Intricacies of Late Season Snowpack Statistics

The snowpack in the central Wasatch is going fast as temperatures sit well above average for this time of year, offering up a good opportunity for lessons in the intricacies of snowpack statistics.  

The graph below shows the snowpack water equivalent at the Snowbird SNOTEL site for this season (green line) compared to last season (red line), average (blue), and median (magenta).  I have added a dashed line during a period of missing data in late May and early June this season.  

Source CBRFC (My dashed line).  
Let's take a closer look at the graph from May through July.  As of midnight today (June 5), the snowpack water equivalent was 22 inches, which is 140% of median.  That sounds remarkably fat.  However, snowpack statistics can be very deceptive in the spring when the melt rates are fast.  Another way to look at it is that 22 inches is only 2 days behind the median.  Basically, we sit at the median for June 3rd, which doesn't sound anywhere near as impressive.  

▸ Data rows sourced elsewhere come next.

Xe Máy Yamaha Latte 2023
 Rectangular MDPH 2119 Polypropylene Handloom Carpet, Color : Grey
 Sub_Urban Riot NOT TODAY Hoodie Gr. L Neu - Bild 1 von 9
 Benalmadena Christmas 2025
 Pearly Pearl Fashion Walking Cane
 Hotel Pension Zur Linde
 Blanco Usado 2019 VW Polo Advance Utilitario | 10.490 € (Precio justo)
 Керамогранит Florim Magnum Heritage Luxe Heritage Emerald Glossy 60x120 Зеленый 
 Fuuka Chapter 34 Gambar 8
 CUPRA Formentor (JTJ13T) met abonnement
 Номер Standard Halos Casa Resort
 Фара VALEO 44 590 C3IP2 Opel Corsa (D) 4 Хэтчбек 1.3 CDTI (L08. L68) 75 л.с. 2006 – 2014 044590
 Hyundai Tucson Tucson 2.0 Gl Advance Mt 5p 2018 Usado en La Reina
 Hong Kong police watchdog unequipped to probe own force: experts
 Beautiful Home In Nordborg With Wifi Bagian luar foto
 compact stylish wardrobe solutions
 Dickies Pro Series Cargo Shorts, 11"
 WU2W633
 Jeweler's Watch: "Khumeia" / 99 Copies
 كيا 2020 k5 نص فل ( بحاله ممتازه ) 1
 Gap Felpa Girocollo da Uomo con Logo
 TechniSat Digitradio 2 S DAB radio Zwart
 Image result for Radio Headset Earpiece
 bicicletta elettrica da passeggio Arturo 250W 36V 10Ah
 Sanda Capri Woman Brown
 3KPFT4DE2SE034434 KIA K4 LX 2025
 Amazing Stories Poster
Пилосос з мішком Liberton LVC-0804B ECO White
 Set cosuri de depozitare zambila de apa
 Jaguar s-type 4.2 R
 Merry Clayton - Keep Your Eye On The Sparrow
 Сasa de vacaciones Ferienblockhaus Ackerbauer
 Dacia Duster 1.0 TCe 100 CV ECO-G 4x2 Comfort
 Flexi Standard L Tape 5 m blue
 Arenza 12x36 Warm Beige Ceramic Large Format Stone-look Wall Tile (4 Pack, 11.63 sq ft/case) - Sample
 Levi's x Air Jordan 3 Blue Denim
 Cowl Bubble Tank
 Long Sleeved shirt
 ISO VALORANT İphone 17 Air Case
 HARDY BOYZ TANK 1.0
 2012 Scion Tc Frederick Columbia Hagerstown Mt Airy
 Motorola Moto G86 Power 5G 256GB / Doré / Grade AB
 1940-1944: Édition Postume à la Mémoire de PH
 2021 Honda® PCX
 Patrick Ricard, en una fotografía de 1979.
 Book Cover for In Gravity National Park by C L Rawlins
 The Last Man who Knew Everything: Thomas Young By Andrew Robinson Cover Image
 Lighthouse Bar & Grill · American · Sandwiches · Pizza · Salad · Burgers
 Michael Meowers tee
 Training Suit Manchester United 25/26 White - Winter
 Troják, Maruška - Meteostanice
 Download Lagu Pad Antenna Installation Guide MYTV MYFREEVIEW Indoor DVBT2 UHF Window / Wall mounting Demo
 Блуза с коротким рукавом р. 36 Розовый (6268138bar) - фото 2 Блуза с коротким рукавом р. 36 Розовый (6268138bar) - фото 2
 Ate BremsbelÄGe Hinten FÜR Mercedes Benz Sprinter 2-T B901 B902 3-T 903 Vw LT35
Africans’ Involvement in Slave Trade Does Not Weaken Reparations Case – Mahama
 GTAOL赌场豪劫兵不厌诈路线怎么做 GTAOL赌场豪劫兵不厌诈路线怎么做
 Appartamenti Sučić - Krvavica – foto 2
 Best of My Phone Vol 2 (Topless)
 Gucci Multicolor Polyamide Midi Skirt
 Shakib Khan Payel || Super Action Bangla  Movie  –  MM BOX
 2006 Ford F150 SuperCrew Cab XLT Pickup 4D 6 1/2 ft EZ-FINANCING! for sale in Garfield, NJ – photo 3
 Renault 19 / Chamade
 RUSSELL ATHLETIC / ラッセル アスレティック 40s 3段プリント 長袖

Also evident in the plot above are important differences between median and average that arise late in the snow season.  The median is the point in the middle of the distribution of past observations.  For example, the median snowpack water equivalent for today is 15.8 inches.  Half of the seasons on record on this date were above that amount, half were below.  Starting yesterday, however, the average exceeds the median and the difference between the two grows with time.  "Average" may represent the mathematical mean, but it does not represent a typical snowpack.  

This is because there are a small number of years with fat snowpacks and many years with scant or non-existent snowpacks in late June.  As a result, the average strongly weighted by a small number of fat years (94/95, 04/05, 10/11 you know who you are).  June 18 represents the date at this site on which at least half of the years have no snow, but July 11 is the first day that the average is zero (no snow in any season at this site).  Saying that July 11 is the "average" date that the snowpack is gone is misleading.  Probably all but one year had no snow on that day. 

Real estate suffers from similar statistical oddities.   The average sale price in a neighborhood can be highly skewed by a small number of homes being sold at very high or very low values.  The median is in the middle of the distribution.  Trends in "average" home sales can be highly deceptive for this reason, especially in smaller neighborhoods that features a wide range of home types and sizes.  

The Snowbird SNOTEL has been losing about 2 inches of water equivalent a day for the past 5 days.  At that rate the site will lose almost half of its remaining snowpack by next Saturday morning.